Esta es la vida del creyente, cuando todo parece que toca a su fin, que la derrota es total y eminentemente, entonces Jesús viene a rescatarnos y hace acto de presencia en el lugar y en el momento conveniente como ya pasara en Judea, con la resurrección del Señor, ante sus discípulos y seguidores a los que invita a la alegría y a despojarse de los miedos.
Los Cristianos seguimos a un Dios vivo resucitado, omnipotente y compasivo. Dios no se cambia, ni se muda, y si antes de dar su vida por el hombre ya se compadecía de los pobres y de todas las almas caídas y abatidas por el pecado, cuanto más ahora que ha tenido la experiencia en propia carne de pasar por todos los dolores físicos y todos los tormentos psíquicos que cualquier ser humano puede experimentar, más aún cuando el cargo con todos ellos a la vez: el desprecio, la soledad, el abandono, el despojo, la calumnia, el dolor físico hasta extremos nunca conocidos y hasta lo que hoy llamamos depresión con una tristeza de muerte hasta llegar exudar sangre en el Huerto de los Olivos.
De esta manera, Jesús al igual que ayer, recién resucitado, nos vuelve a salir al encuentro invitándonos a través de su palabra a confiar, a la alegría, y a perder el miedo. Tenemos un Dios vivo, el único que vive por si mismo y por esta razón Él es también la única verdad, el único camino y vida que podemos seguir sin temor equivocarnos.

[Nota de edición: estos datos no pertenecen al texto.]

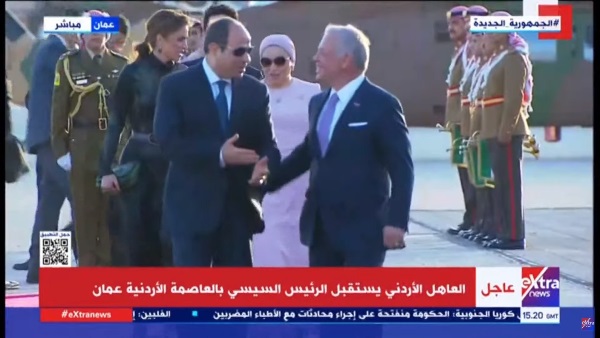 الرئيس السيسي مع العاهل الأردني
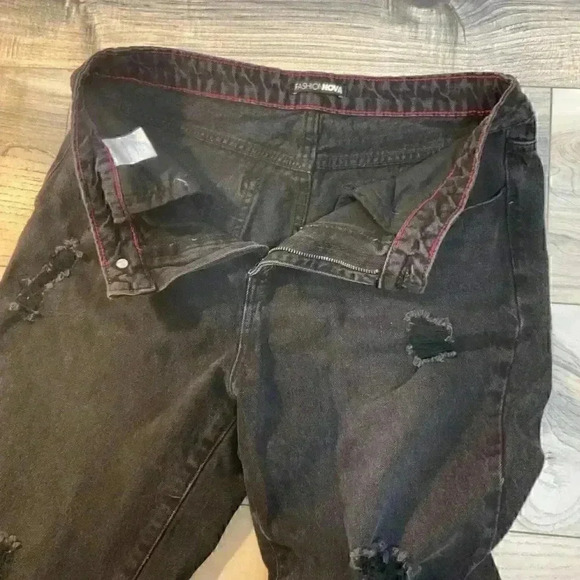 FASHION NOVA BLACK JEANS 100% COTTON SIZE 11 - Picture 7 of 8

Jesús ha resucitado, y nosotros lo hacemos con él cada día cuando una y otra vez viene en nuestro rescate y nos levanta de nuestras angustias y miserias. ¡En verdad Jesús ha resucitado y nosotros somos testigo de ello…!
¡Bendito y alabado sea nuestro Dios el que vive por siempre y no se cansa de amar! ¡Tenemos en tí Señor una fuente de vida, inagotable, que salta hasta la eternidad!